„Demenz – jede(r) kann etwas tun“

Weltalzheimertag am 21. September 2014.

weltalzheimertagDer diesjährige Weltalzheimertag steht unter dem Motto: „Demenz – jede(r) kann etwas tun“. Jeder Einzelne von uns kann dazu beitragen, dass Menschen mit Demenz nicht ausgegrenzt werden, sondern ihren Platz in der Gemeinschaft behalten, (Mit-)Menschen bleiben. Menschen mit Demenz nehmen die Welt zwar anders wahr als wir es tun, leben oft mehr in der Vergangenheit als in der Gegenwart, kommen mit Ängsten und Nöten oft nicht so gut zurecht. Für ein lebenswertes Leben brauchen sie aber genauso wie wir den Kontakt zu ihren Mitbürgern. Sie brauchen das Gefühl, trotz ihrer Einschränkungen willkommen und angenommen zu sein.

In Deutschland sind derzeit 1,5 Millionen Menschen betroffen. Da wir immer älter werden, wird die Zahl der Betroffenen weiter steigen.

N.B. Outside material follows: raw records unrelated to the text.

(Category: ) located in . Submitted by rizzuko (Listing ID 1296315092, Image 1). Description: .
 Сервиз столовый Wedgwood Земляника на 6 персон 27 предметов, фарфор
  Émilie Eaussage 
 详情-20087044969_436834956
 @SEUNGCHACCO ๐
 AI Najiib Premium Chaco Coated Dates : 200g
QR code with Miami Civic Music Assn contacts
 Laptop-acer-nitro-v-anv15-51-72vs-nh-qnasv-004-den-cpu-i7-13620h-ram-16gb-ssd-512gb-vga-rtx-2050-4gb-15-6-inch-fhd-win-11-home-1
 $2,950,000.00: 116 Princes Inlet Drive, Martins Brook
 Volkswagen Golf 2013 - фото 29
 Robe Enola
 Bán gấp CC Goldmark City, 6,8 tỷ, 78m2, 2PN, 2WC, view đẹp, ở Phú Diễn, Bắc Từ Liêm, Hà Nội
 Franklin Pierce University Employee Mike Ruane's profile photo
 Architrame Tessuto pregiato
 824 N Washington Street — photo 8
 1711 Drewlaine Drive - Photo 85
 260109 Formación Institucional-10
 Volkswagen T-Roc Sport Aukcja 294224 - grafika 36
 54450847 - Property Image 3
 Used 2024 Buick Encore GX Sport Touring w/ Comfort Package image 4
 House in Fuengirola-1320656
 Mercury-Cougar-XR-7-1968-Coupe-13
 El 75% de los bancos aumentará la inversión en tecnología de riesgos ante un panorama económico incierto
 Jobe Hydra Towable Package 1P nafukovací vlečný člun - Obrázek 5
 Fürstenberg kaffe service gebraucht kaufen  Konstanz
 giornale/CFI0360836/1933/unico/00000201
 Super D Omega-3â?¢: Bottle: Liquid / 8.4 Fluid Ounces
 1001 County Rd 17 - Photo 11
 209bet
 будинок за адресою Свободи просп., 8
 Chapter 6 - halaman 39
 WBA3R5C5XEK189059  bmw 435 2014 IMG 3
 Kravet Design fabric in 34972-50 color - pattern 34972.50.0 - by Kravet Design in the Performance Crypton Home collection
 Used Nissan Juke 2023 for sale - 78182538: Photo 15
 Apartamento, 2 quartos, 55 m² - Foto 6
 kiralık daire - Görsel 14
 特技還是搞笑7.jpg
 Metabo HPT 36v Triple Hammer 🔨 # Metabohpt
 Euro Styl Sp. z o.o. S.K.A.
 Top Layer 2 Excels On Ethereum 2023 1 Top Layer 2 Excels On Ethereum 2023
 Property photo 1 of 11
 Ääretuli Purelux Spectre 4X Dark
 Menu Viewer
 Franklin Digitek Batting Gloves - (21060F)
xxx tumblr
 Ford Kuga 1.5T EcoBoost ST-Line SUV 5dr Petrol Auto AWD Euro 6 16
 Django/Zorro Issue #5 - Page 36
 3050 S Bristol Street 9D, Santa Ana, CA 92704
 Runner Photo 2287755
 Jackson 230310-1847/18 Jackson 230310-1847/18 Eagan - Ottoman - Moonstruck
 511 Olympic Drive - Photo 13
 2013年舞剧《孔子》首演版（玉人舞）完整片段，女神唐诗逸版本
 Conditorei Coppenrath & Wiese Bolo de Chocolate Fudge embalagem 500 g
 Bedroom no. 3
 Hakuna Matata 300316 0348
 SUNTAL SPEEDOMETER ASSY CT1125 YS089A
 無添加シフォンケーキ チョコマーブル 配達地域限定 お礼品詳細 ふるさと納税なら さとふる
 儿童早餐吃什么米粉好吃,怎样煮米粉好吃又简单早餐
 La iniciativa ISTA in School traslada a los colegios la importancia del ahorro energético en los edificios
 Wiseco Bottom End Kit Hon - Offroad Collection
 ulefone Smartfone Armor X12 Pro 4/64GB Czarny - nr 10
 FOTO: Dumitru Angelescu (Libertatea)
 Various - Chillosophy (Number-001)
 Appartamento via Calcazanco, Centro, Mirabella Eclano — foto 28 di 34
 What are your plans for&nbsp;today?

Leider haben sich die Hoffnungen auf heilende Medikamente bisher nicht erfüllt. Den Demenzerkrankungen liegen Gehirnveränderungen zugrunde, deren Entstehung bisher nicht verhindert werden kann. Während viele Arten von Krebs heute heilbar sind, ist dies nur bei einem sehr geringen Teil der Demenzerkrankungen möglich. Daher benötigen Menschen mit Demenz kompetente Beratung, Versorgung und Pflege.

Die anstehende Reform der Pflegeversicherung reicht nach Ansicht vieler Fachleute nicht aus, um Menschen mit Demenz ein würdevolles Leben zu ermöglichen. Wir sind alle aufgerufen, für eine Verbesserung der Lebens- und Pflegesituation der Betroffenen einzutreten.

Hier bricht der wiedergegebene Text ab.